Mixing DOM and PHP objects for fun and profit

Feb 3, 201110 min read

Deviation Actions

Published: Feb 3, 2011

9.1K Views

This article assumes that you are familiar with the concepts of MVC programming in the context of web development. If you are not, wikipedia has a decent overview in their entry about it.

The problem

An issue that MVC doesn’t address directly is how to efficiently group data access calls together across scopes. By “grouping data access calls”, I mean going from something like this:

To something like that:

When following MVC strictly, data access must happen in controllers. If two controllers need similar data from the same database table, in most MVC implementations the separation of code between controllers won’t even make it possible to group these similar data needs together.

Better MVC implementations manage to identify these common data needs across controllers and group the calls. For instance a meta-controller could iterate through all the controllers of a page and ask them what their data needs are. The meta-controller can then efficiently group the data access calls together, reducing the round trips to the data stores.

We already follow that strategy on modularized pages of deviantART, like user profiles, where each widget a user can install and configure (friends list, favourite deviations, featured artwork, etc.) has its own controller. The profile page itself has a meta-controller that coordinates data access for the controllers of all widget instances. If two widgets on a user profile need complimentary data about the same artwork, the call will be combined into a single memcache get or database query.

That strategy is only possible because we know which widgets are on the page very early in the page generation, and consequently, which controllers will be involved. There are many situations where knowing that information in advance is impossible, or requires rewriting the code so much around this specific need that a massive layer of complexity is added for the sake of saving a few round trips to the database. It’s the age-old dilemma of maintainable easy-to-follow code versus less legible code optimized for data efficiency.

Our solution

Faced with this cross-controller data access grouping issue once again, we tried to push the boundaries imposed by MVC with a new approach. This time, instead of letting data access optimizations dictate the structure of our code, we decided that data access would get out of the way and be dealt with as late as possible in the page generation. The idea here is that sometimes you can’t tell what your data needs are until the logic in your controllers has run, or after you’ve already fetched some other data first.

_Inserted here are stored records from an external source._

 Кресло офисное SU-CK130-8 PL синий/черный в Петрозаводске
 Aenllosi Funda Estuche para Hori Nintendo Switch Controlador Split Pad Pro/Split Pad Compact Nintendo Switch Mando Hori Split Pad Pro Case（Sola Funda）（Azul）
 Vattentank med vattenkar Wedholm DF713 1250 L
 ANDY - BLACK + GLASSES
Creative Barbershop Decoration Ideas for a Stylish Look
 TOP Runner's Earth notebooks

The core of what allows us to perform that trick is something we call “datex”. Datex is a stream of intertwined DOM output and PHP objects. Instead of echoing, the views of our MVC code return datex. Whenever a piece of output is dependent on some data that can be grouped (for instance, basic user data), we “output” a PHP object in the datex stream. That object contains information about the data dependency and which partial view will render the DOM once the data needed is fetched. This way we make the data-dependent parts of our MVC code asynchronous.

As it’s being built, our page’s output looks like the following, a mix of DOM that could be rendered right away, and PHP objects that contain information about partial views that will be rendered later.

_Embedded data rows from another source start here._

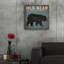 «Old Bear» par Ryan Fowler, art mural en verre acrylique-1841833140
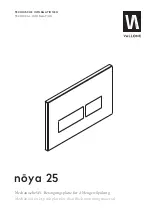 Предварительный просмотр 1 страницы Vallone noya 25 Technical Information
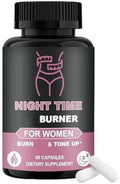 Night Time Fat Burner Capsules with Green Coffee J75769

Then, once all the MVC code (in the traditional sense of the term) has run, we resolve this datex stream in passes. With each pass we can very easily group similar data access needs together.

Some objects are fully resolved on the first pass and return DOM, others return more datex with new objects in them. These are the situations that were very hard to optimize in more classic MVC implementations, when controllers that have received their initial data then require another round of data access.

After an initial pass, if we still have DOM and objects in the datex stream, we go through the same process again, and once more we can group similar data access together for efficiency. This process can go on for a few passes, until all PHP objects have eventually resolved to pure DOM. When the datex stream only contains DOM, we know that we can output the results, as they are the fully constructed web page.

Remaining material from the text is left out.